In my experience it might also have to do with attitude. People from certain nationalities or with certain skin colour often are either more prone to be a target in other places. As a white American, your risk is overall higher in the rest of the world in general. As a black person from Africa travelling to Europe, you will probably be met with the occasional foul look as being mistaken for an immigrant. In my case I'm European from Sri Lankan origin. I'm mistaken for being Indian, but I'm Dutch, well-educated, at home on this entire planet and speaking my fair share of languages, being fluent in at least 4. I'm always curious to learn more and always willing to learn about the places I visit in advance. That is not optional for me, that's compulsory. What I found to be true is that having at least some cultural and historical knowledge of a place, knowing one's languages and using one's wit and plain old common sense gets one a long way on this planet. Luckily I do speak my languages and I'm raised to have a careful but also an inquisitive nature and... an open mind. That has saved me in a lot of situations all around the world. Don't mistake my kindness for nativity because I am most certainly not.
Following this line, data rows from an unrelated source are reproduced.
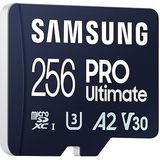 Samsung PRO Ultimate - Micro SD Kaart - 256 GB - Met Kaartlezer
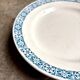 Longchamp ironware cake plate, "René" service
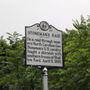 Photo of Stoneman's Raid Historical Marker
I've seen lots of tourists acting indeed... like tourists, being helpless and an easy prey abroad, due to not speaking the language or not having cultural or even general knowledge of the places they're visiting... Forgive me for saying, but I always chuckle when I see American tourists out and about roaming the world. Seeing them out of their country is something special in itself. Americans are often truly naive and indeed, easy prey most of the time, walking more easily into tourist traps or even dangerous situations that could have been easily avoided if they would've spoken the language or were to have a little bit more knowledge of the places they visit in general.

I'm not saying that I'm invincible but trust me when I say this: I feel safer with my expensive equipment amidst an entire group of third world dirt poor begging children in an Asian or African country, than in my own Western European country of The Netherlands in a city like Amsterdam. But then again, while I do appreciate the warning, I don't feel particularly unsafe anywhere easily. It often has to do with attitude. You don't have to be aggressive of carry guns or excessive protection, but most of the time it's because people don't know a situation and act out of fear... act like prey and you will end up being prey, is often what I see happening around me when I'm abroad.
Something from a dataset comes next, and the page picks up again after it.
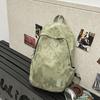 Schoolbag new large-capacity backpack camouflage retro travel backpack college student hot-selling new casual fashion schoolbag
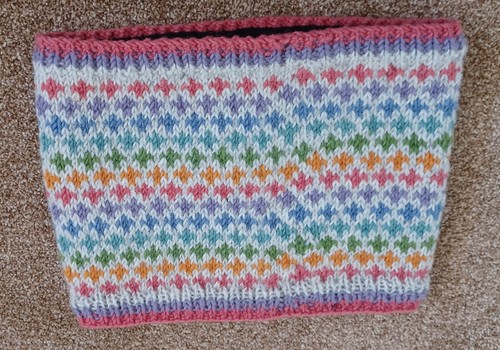 Pachamama fleece lined - lined, cowl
As for SA... I'm Dutch. But I'm not white. I blend in more easily and.. Afrikaans is really similar to Dutch, which is my native language. Having expensive equipment is, well, equipment. I don't handle not with care, but it's tools. Stuff. Replaceable in the end. My life and health are always more important to me than any piece of material can ever be. No, I don't go out looking for danger on this planet, but things come as they are. If things go South, they will anyway and if they're not: also okay. Does that mean we better not do things? Out of fear? Not in my book.

In the end we come to regret the things we didn't do in life a lot more than the things we did do.. Shooting in Kruger Park is one of them but rest assured, I'll read up on it thoroughly beforehand and I take this warning into consideration as well.